Crosstalk of CMOS Image Sensor (CIS) causes degradation of spatial resolution, color mixing and leads to image noise.
Crosstalk consists of spectral, optical and electrical components, but definition of each component is obscure and
difficult to quantify. For the first time, quantifiable definition of each component is proposed to perform crosstalk
analysis in this paper. Contribution of each component to the total crosstalk is analyzed using opto-electrical simulation.
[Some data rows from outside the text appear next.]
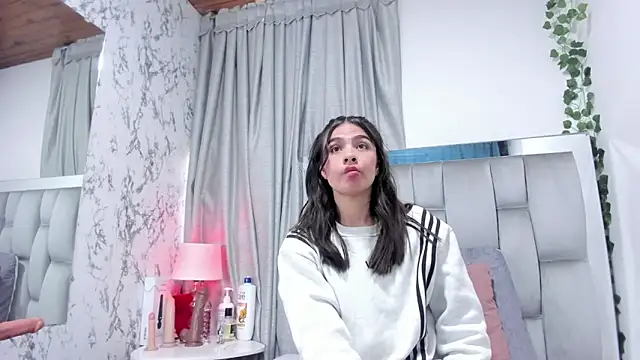 Snapshot of dafne_queenn chatting on September 26, 1:07 pm dafne queenn online show from September 26, 1:07 pm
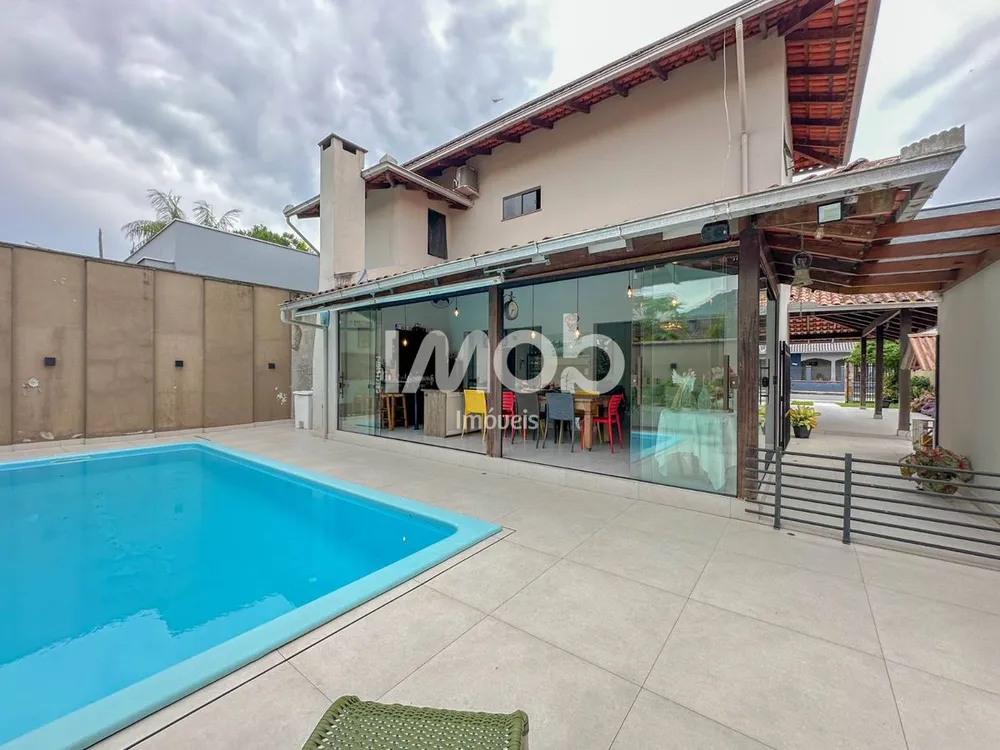 Casa, 3 quartos, 230 m² - Foto 2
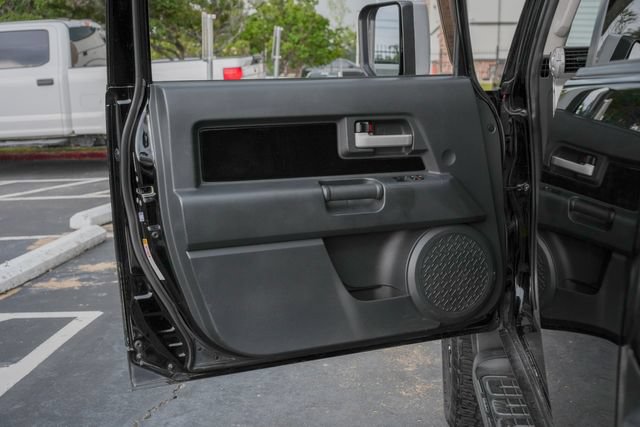 Used 2014 Toyota FJ Cruiser 4WD w/ Upgrade Package image 17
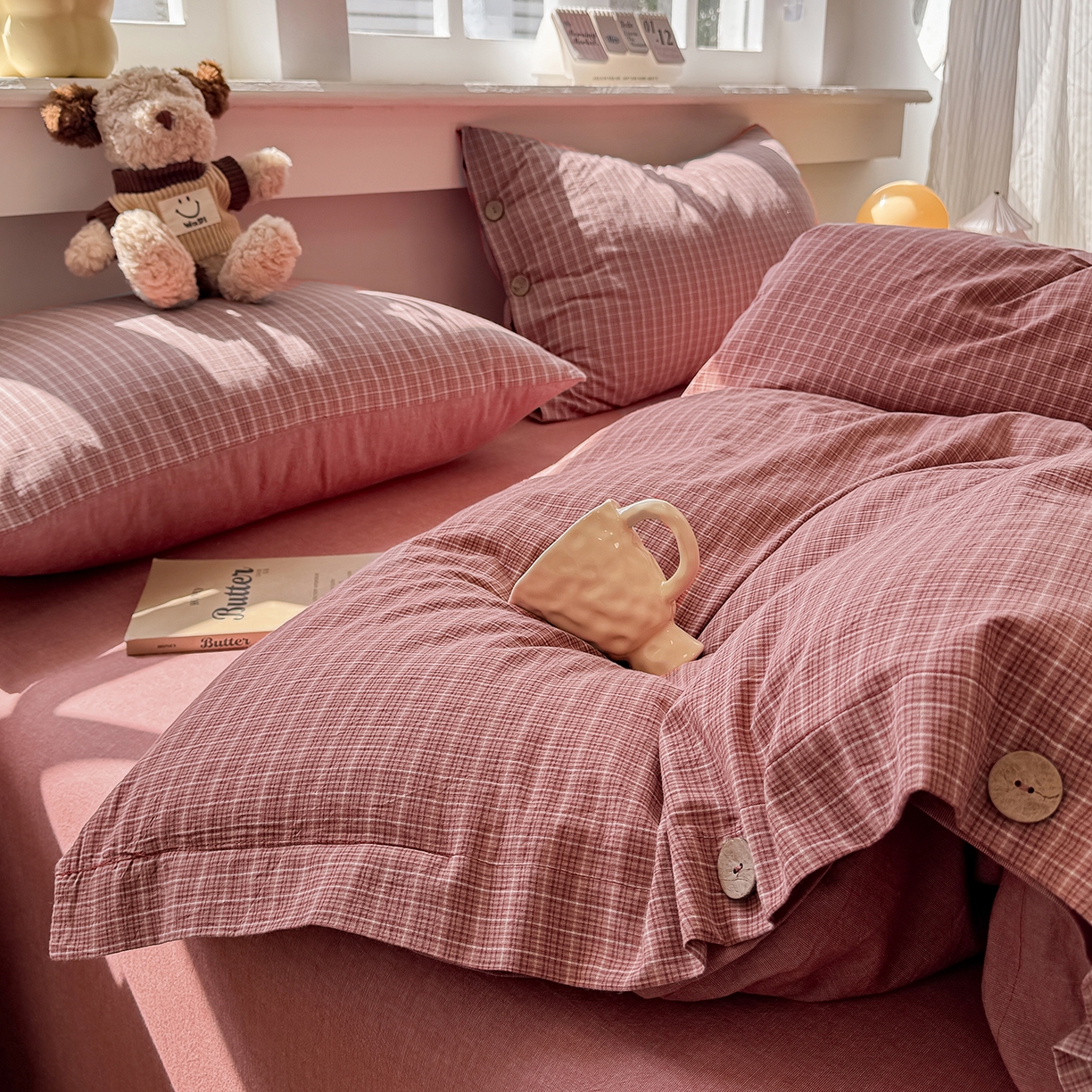 91家纺网 家纺一手货源 找家纺 梦依依 2026新款A类全棉色织水洗棉纯棉格子钮扣款四件套学生宿舍三件套 晚晴红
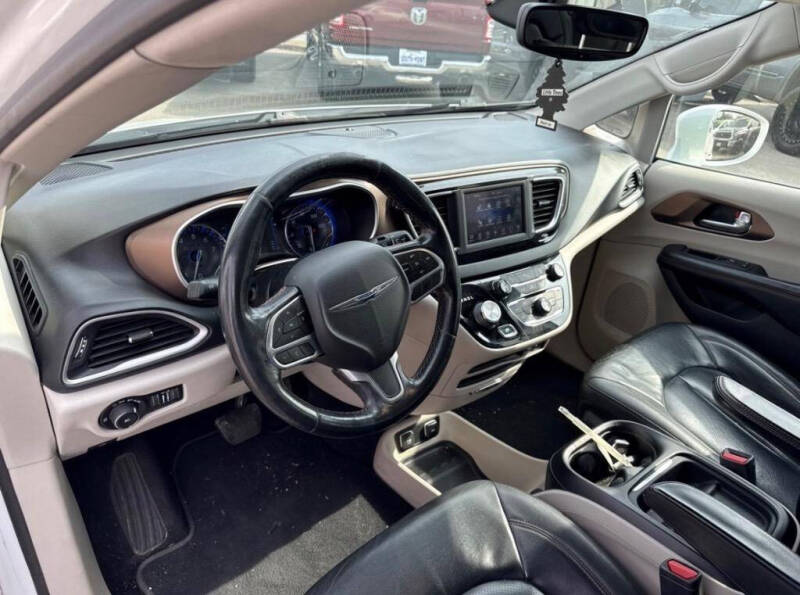 2019 Chrysler Pacifica Touring L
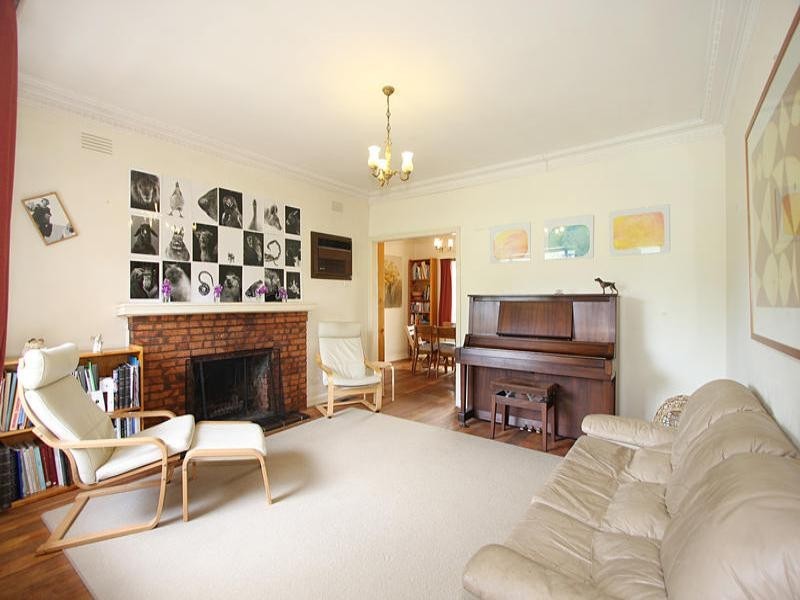 5 Drummond Street, Chadstone VIC 3148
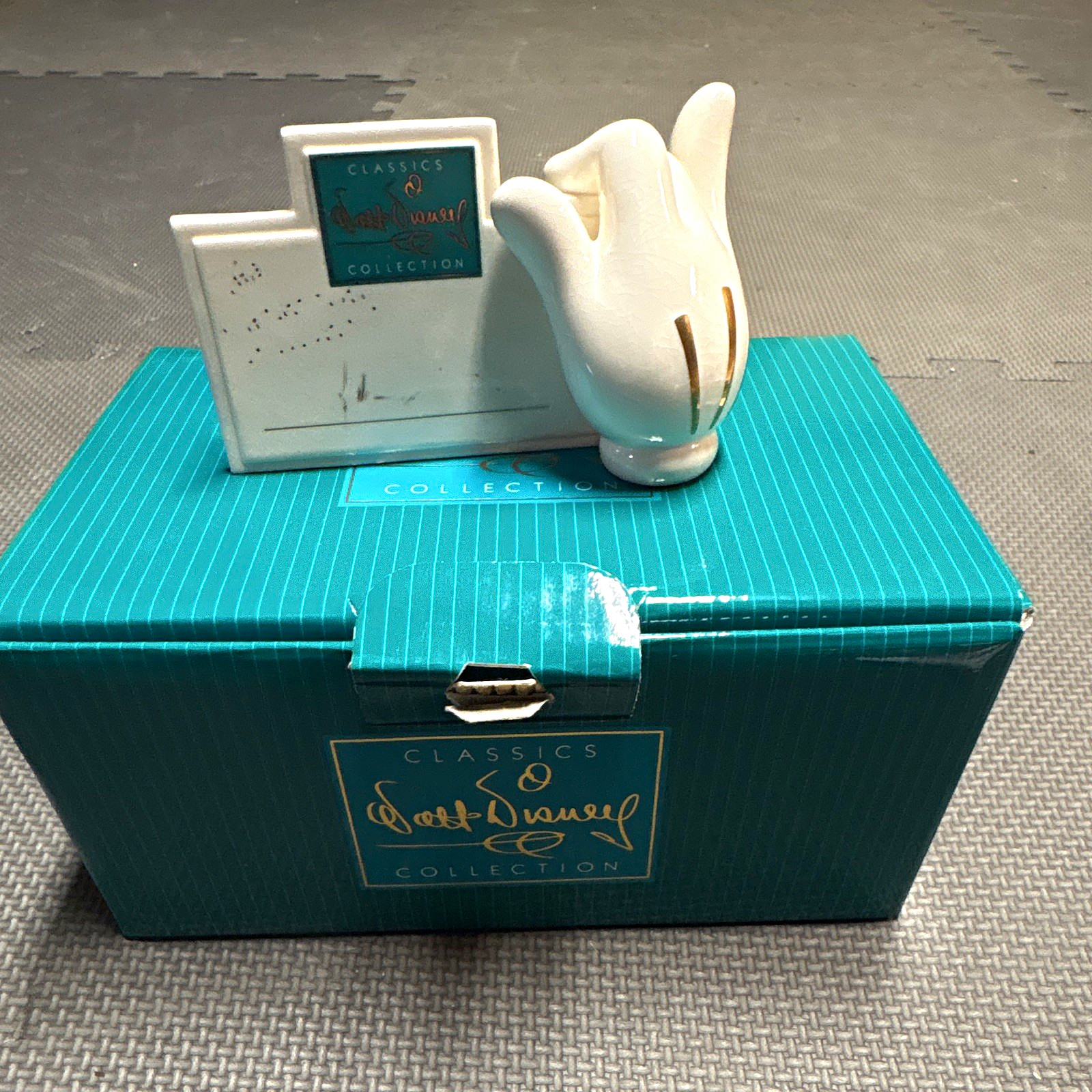 Disney WDCC Classics Collection Figurine w/ Box and COA Certificate Disney WDCC Classics Collection Figurine w/ Box and COA Certificate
Simulation is performed with an internally developed 2D finite difference time domain (FDTD) simulator coupled to a
commercial device simulator. Simulation domain consists of set of four pixels. Plane wave propagation from micro-lens
to the photodiode is analyzed with FDTD and the optical simulation result is transformed into the photo-current in the
photodiode using electrical simulation. The total crosstalk consists of 43% of spectral crosstalk, 14% of optical cross talk,
and 43% of electrical crosstalk at the normal incident light. Spectral crosstalk can be suppressed through careful
selection of color filter materials with good selectivity of color spectrum. Characteristics of crosstalk and
photosensitivity show contrary trend to one another as a function of color filter thickness. Therefore, the crosstalk target
is fixed and simulation is performed to determine the minimum color filter thickness that satisfies the crosstalk target. By
color filter material and thickness optimization, 10% increase in photosensitivity and 7% decrease spectral crosstalk were
obtained. Electrical crosstalk showed 11% and 9% improvement through applying to new implantation process and
stacking multi-epi layer on the p-type substrate, respectively.